Chicago Tribune's "Dear Amy" (updated)

Couple's choice to remain childless grieves in-laws

Dear Amy: My husband, "Steve," and I have been happily together for nearly 15 years, and we have enjoyed a close relationship with his parents.

We agreed early on that we didn't want children. Unfortunately, his parents had been suppressing a strong desire for grandchildren and are very sad now that it looks as if they won't have any (Steve is an only child). Steve is upset by how badly his parents are handling their disappointment. He is starting to feel that he has failed them.

I am concerned that my choice to not have children may ultimately come up against his slow weakening in the face of this deep sorrow his parents are experiencing.

Amy, they don't even want to spend time with us because it reminds them that they will never have grandchildren. What is the best way for us to interact with them if/when they finally come back into our lives?

I Was Happy a Minute Ago

Dear Was Happy: One challenge of adulthood (and elderhood) is the management of one's expectations and disappointments.

The saddest aspect of this scenario is that your in-laws may be pushing away the family they do have for want of the family they don't have.

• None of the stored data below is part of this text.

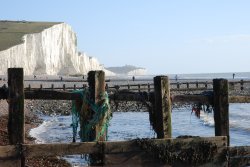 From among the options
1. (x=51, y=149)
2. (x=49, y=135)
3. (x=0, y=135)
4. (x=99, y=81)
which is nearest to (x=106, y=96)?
(x=99, y=81)

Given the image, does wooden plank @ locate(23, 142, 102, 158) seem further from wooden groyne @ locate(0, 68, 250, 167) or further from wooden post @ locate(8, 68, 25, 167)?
wooden post @ locate(8, 68, 25, 167)

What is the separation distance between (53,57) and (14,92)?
107 meters

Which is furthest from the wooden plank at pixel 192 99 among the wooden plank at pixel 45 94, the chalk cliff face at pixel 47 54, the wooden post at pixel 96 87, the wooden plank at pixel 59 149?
the chalk cliff face at pixel 47 54

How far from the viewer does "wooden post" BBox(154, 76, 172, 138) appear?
6.50 meters

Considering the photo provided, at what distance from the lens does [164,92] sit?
652 cm

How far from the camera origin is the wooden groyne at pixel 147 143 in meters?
5.97

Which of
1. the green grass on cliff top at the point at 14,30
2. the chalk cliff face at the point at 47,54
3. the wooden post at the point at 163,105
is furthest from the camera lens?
the green grass on cliff top at the point at 14,30

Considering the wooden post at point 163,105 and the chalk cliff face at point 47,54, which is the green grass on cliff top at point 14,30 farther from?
the wooden post at point 163,105

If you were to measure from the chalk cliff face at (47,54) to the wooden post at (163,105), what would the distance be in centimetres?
8519

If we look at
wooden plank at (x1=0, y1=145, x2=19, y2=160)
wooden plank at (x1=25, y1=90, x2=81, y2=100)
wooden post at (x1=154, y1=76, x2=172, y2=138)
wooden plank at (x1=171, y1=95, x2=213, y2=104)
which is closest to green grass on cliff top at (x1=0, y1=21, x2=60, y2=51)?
wooden plank at (x1=25, y1=90, x2=81, y2=100)

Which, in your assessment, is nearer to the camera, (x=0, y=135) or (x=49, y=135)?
(x=0, y=135)

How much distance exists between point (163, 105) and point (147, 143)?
0.61 meters

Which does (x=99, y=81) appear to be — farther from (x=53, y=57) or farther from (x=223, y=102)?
(x=53, y=57)

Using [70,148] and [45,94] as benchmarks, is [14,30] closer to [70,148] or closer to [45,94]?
[45,94] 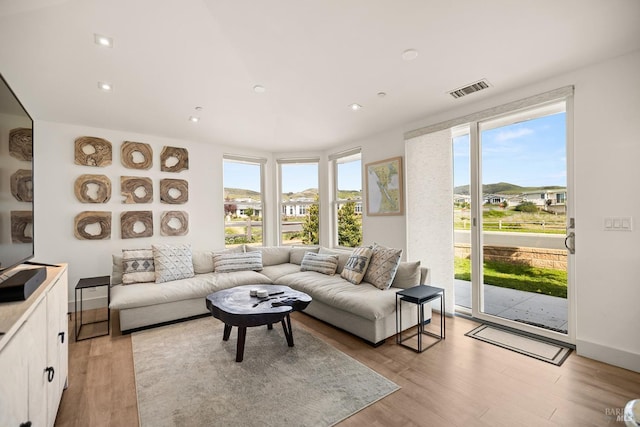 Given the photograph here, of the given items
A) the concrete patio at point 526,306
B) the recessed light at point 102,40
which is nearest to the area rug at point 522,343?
the concrete patio at point 526,306

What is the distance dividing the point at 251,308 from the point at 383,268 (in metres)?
1.55

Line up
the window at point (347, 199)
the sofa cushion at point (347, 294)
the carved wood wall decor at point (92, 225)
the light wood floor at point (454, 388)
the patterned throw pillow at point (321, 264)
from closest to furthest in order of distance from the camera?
the light wood floor at point (454, 388) < the sofa cushion at point (347, 294) < the carved wood wall decor at point (92, 225) < the patterned throw pillow at point (321, 264) < the window at point (347, 199)

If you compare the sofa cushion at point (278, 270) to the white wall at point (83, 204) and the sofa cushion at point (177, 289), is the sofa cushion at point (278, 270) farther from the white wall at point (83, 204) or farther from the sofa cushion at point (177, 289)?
the white wall at point (83, 204)

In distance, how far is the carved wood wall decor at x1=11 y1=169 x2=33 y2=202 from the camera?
1.55 metres

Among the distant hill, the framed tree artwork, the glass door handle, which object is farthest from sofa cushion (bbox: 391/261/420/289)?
the glass door handle

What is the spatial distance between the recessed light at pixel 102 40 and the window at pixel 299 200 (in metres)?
3.60

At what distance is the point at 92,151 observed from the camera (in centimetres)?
390

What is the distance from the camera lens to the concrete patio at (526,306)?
2889 millimetres

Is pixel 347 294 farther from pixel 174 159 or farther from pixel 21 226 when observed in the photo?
pixel 174 159

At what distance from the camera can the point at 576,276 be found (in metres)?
2.59

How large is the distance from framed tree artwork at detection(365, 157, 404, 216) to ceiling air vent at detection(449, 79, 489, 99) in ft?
3.97

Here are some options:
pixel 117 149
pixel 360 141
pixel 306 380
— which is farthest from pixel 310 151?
pixel 306 380

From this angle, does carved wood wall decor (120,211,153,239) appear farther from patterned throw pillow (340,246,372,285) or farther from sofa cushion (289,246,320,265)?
patterned throw pillow (340,246,372,285)

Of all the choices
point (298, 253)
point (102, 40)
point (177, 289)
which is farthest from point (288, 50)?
point (298, 253)
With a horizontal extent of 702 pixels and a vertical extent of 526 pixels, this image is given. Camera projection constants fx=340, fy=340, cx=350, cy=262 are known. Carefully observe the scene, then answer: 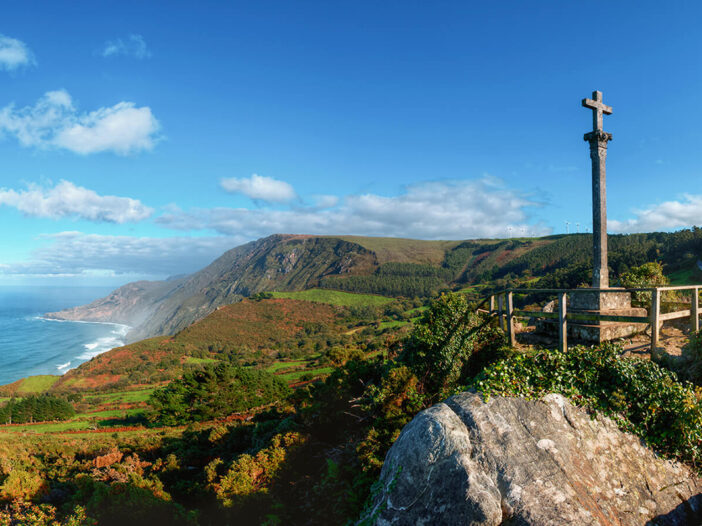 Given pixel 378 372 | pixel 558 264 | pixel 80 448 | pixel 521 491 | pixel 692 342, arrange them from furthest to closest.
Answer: pixel 558 264
pixel 80 448
pixel 378 372
pixel 692 342
pixel 521 491

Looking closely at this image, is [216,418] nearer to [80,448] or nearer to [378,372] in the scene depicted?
[80,448]

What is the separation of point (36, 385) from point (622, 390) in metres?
126

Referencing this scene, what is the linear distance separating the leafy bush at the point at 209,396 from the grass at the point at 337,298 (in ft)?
393

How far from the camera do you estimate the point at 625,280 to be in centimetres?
1413

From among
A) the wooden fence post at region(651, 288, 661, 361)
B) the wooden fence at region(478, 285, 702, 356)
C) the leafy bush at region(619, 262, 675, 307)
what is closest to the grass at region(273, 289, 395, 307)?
the leafy bush at region(619, 262, 675, 307)

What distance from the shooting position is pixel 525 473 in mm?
4785

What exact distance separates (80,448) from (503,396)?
2788 cm

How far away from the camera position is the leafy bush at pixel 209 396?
39.2 metres

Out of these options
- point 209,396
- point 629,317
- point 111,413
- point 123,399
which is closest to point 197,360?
point 123,399

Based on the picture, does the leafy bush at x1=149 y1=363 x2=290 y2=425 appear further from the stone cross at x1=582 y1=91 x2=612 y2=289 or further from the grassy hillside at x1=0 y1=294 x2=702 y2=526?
the stone cross at x1=582 y1=91 x2=612 y2=289

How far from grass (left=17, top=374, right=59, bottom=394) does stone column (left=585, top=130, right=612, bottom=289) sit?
4613 inches

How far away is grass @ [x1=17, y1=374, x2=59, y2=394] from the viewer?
86.1 meters

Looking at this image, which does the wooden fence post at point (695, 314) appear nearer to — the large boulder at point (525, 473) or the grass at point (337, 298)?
the large boulder at point (525, 473)

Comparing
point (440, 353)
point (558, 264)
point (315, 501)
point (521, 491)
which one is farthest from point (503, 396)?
point (558, 264) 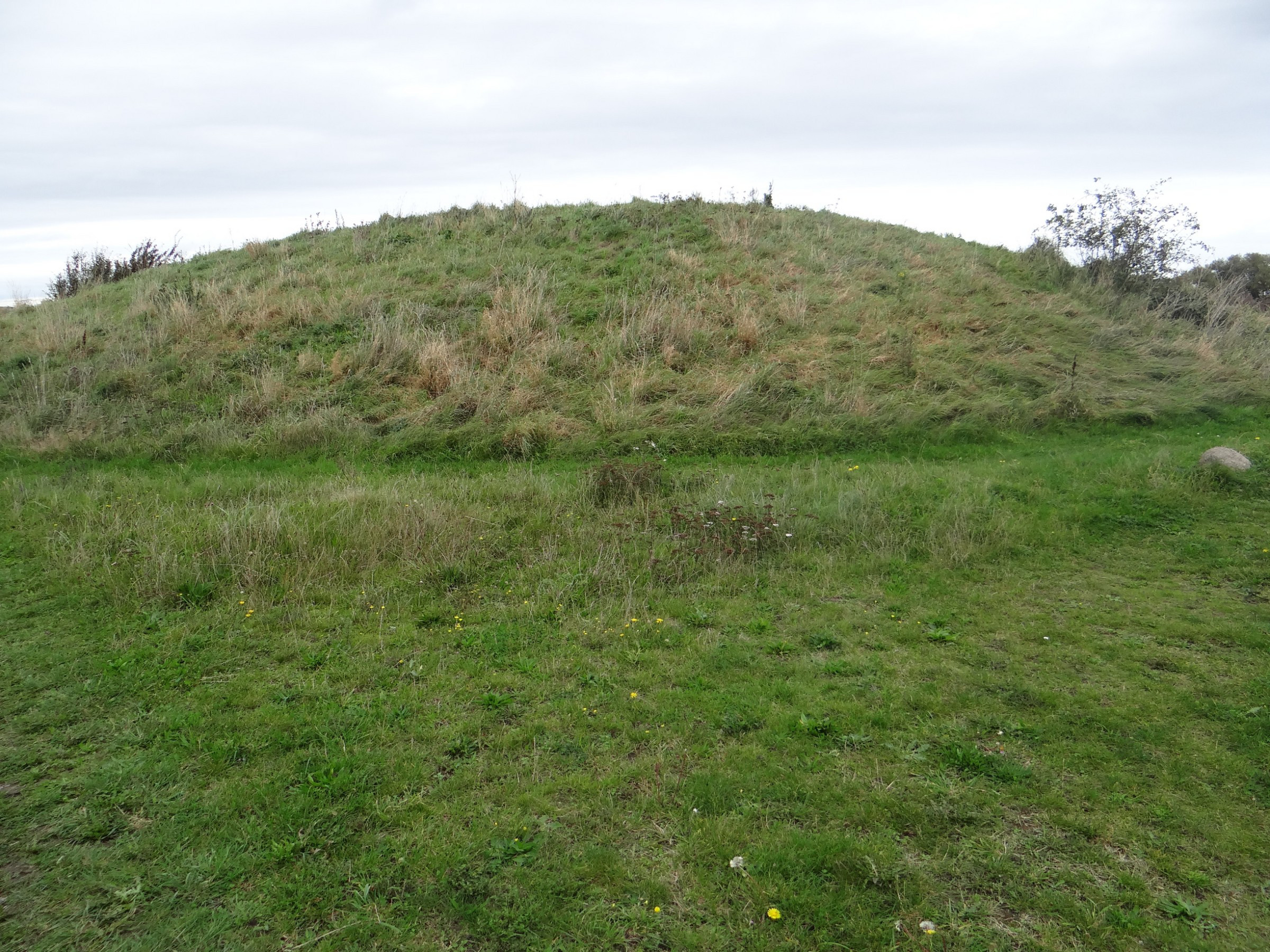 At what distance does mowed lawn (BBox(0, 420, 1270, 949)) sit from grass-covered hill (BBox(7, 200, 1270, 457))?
3.52 m

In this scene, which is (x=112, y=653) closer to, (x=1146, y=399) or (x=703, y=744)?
(x=703, y=744)

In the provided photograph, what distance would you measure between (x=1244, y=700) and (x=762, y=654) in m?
3.03

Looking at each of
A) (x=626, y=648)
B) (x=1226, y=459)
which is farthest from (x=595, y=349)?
(x=1226, y=459)

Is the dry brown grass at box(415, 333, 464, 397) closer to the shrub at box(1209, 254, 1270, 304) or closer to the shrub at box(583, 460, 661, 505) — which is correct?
the shrub at box(583, 460, 661, 505)

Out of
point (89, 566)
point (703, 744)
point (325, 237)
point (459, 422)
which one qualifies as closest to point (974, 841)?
point (703, 744)

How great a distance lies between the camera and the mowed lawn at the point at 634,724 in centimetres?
310

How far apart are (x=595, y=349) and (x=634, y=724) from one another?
10.2 m

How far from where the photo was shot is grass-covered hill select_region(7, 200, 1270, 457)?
11.6 meters

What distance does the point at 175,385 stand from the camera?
12961 mm

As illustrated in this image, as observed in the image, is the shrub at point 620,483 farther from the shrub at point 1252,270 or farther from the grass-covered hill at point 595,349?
the shrub at point 1252,270

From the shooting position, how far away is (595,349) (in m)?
13.8

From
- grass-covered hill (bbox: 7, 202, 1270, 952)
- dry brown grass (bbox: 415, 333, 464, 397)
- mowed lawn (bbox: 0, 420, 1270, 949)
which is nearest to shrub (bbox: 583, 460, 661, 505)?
grass-covered hill (bbox: 7, 202, 1270, 952)

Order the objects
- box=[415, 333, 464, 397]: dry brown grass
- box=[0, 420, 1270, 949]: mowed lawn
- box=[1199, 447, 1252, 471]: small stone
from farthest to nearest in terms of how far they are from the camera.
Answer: box=[415, 333, 464, 397]: dry brown grass, box=[1199, 447, 1252, 471]: small stone, box=[0, 420, 1270, 949]: mowed lawn

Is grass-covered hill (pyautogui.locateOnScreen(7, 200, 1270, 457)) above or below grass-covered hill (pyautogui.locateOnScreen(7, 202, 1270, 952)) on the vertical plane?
above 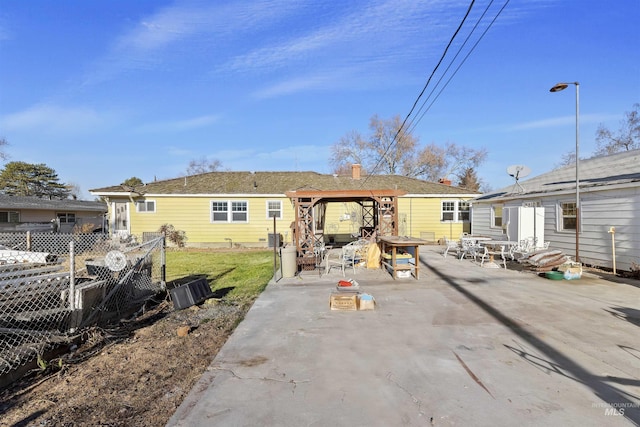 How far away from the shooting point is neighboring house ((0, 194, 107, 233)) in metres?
20.7

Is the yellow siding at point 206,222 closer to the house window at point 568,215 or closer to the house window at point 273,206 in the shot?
the house window at point 273,206

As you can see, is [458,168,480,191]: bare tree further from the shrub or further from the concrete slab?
the concrete slab

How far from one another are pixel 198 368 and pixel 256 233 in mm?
14626

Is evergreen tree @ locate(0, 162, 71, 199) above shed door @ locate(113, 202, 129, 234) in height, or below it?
above

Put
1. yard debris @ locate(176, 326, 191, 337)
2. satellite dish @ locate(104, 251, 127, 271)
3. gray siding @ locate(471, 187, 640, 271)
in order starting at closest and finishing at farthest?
1. yard debris @ locate(176, 326, 191, 337)
2. satellite dish @ locate(104, 251, 127, 271)
3. gray siding @ locate(471, 187, 640, 271)

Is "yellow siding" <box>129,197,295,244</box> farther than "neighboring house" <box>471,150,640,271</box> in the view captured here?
Yes

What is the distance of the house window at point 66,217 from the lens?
89.5 feet

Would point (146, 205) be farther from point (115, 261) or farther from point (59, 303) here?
point (59, 303)

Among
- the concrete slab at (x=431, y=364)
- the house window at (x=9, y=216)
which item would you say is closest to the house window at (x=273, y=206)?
the concrete slab at (x=431, y=364)

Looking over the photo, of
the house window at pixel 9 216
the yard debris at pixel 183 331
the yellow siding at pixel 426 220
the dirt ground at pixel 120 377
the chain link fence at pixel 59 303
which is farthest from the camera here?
the house window at pixel 9 216

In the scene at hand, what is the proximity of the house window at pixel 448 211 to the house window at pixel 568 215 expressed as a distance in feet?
25.7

You and your husband should sit down with them and restate your decision, acknowledging how difficult this is for them. Say that you hope they can find a way to accept your choice.

Many people get "broody" as they get older; one remedy for broodiness is to spend time with children -- your in-laws could volunteer at a local day care, offer to tutor children, or visit and play with kids who are in extended hospital stays.

Finding a way to satisfy their desire to have grandchildren is their job -- not yours.


Readers Respond

Apparently, most readers of the column pointed out that the parents should have had more children if they really wanted grandkids. I'm not sure about this (neither is Amy) but at least the readers agree that it is not Steve's responsibility to breed to assuage his mom's loneliness.

I should also note that even having multiple children will not guarantee grandkids.